Die Brücke zur Natur

Biobasierte Werkstoffe für Architektur und Infrastruktur

Bioverbundwerkstoffe ermöglichen Architekten und Fachplanern strukturoptimierte und zugleich elegante Entwürfe. Dies gilt für viele Anwendungen, vom Interior Design bis zum Brückenbau. Immer mehr dieser Werkstoffe gelangen nun aus der Forschung in die Projekterprobung und damit in die Praxis. forum zeigt gelungene Beispiele – als Anregung für Entscheidungsträger.

BioMat Pavilion © Masih Imani
Die Bauwirtschaft hat einen sehr großen CO?-Fuß­ab­druck und einen enormen Ressourcenverbrauch. Nach­wachsende Rohstoffe bieten der Branche ein großes Reduktionspotenzial. Neben Holz als altbewährtem, nachwachsendem Rohstoff treten zunehmend biobasierte Verbundwerkstoffe, deren mechanische Eigenschaften wie Festigkeit und Steifigkeit in der Kombination von Naturfasern wie Flachs und Hanf mit biobasierten Harzen entstehen. Das Ergebnis sind leichte und tragfähige Komponenten, deren Verhältnis von Festigkeit strukturell optimierte und zugleich ressourceneffiziente Konstruktionen ermöglicht.

Die Natur machts möglich

Bioverbundwerkstoffe unterscheiden sich durch die eingesetzten Naturfasern, die in zwei Hauptgruppen eingeteilt werden.
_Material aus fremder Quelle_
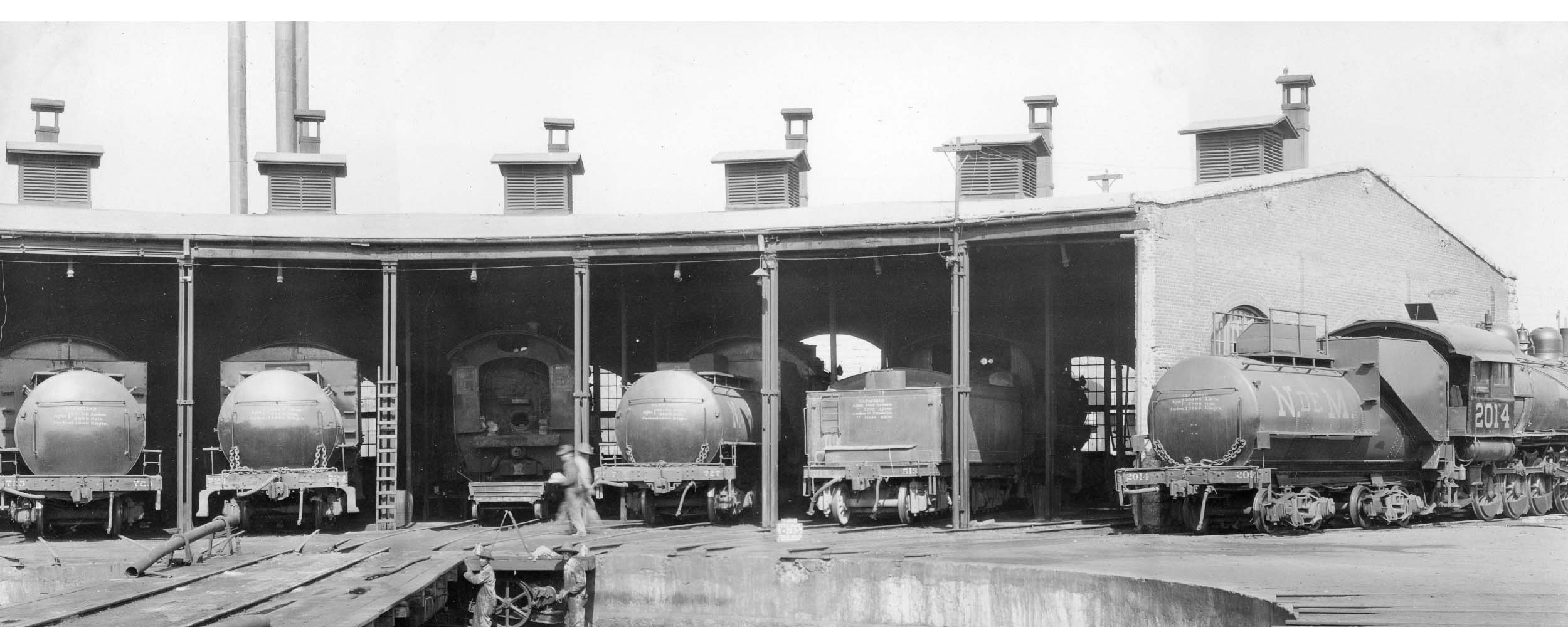 Extremo sur de la casa redonda para 16 vías en los talleres de Monclova, Coahuila, 1929.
Relativ kurze Fasern aus landwirtschaftlichen Reststoffen – etwa Strohfasern, Grasfasern oder Schnittresten – werden zu so genannten Agrofasern verarbeitet. Im Unterschied dazu basieren industrielle Naturfasern beispielsweise auf Jute, Flachs oder Hanf. Diese Fasern können gut für architektonische oder tragende Bauteile verwendet werden.
Pflanzliche Öle bilden den Rohstoff für Bioharze, die sich durch geringe Umweltauswirkungen auszeichnen. In der praktischen Anwendung heute, das heißt unter Berücksichtigung von Verfügbarkeit und Wirtschaftlichkeit, werden diese allerdings meist noch mit Harzen aus fossilen Quellen kombiniert. Im Sinne einer Circular Economy gilt es, künftig auf fossile Bestandteile zu verzichten.
 
...wir sind erst am Anfang die Fülle an Materialien, die die Natur bietet, geschickt und kreislauffähig einzusetzen.
 
Der Einsatz von Biokompositen im Bauwesen wird intensiv erforscht. Die Anwendungen reichen von Dämmpaneelen im Innenbereich über Fassadenverkleidungen bis zu Schalenkonstruktionen sowie Fußgänger- und Fahrradbrücken. Zu den Forschungseinrichtungen, die sich intensiv mit den Potenzialen befassen, zählen die Technische Universität Eindhoven in den Niederlanden und die Universität Stuttgart. In Eindhoven liegt ein Fokus auf dem Einsatz von Biokompositen in tragenden Strukturen. In Stuttgart wurden in vielen Entwicklungs- und Industrieprojekten sowohl Proof of Concepts wie auch marktorientierte Lösungen im Wettbewerb zu konventionellen Werkstoffen erarbeitet. Dabei entstanden Fassadenanwendungen, Innentrennwände, Fußbodensysteme, Akustikabsorber, Wärmedämmstoffe, Möbel und komplette Schalenbausysteme.
Vor allem aus Flachs- und Hanffasern können mit textilverwandten Fertigungssystemen neuartige Elemente hergestellt werden. Diese Herangehensweise macht es möglich, verschiedene Funktionen in die Fassadenplatten zu integrieren, etwa Schallabsorption und Wärmedämmung. Auch adaptive, kinematische Fassaden lassen sich mit Bioverbundwerkstoffen realisieren. In Stuttgart wurden außerdem die Möglichkeiten einer Montage per Roboter in den Entwurfsprozess einbezogen, um Automatisierungspotenziale für die Arbeit auf der Baustelle zu erschließen.
Das Potenzial von Bioverbundwerkstoffen zeigt nicht zuletzt der BioMat-Forschungspavillon 2021 mit einer Spannweite von zehn Meter bei einer maximalen Höhe von
4,8 Meter an der Außenwand. Die bambusähnlichen Profile aus Biokomposit werden im Pultrusionsverfahren hergestellt. Bei diesem Verfahren entstehen in einem kontinuierlichen Prozess faserverstärkte Polymere mit konstantem Querschnitt, hier mit Flachs- und Hanffasern.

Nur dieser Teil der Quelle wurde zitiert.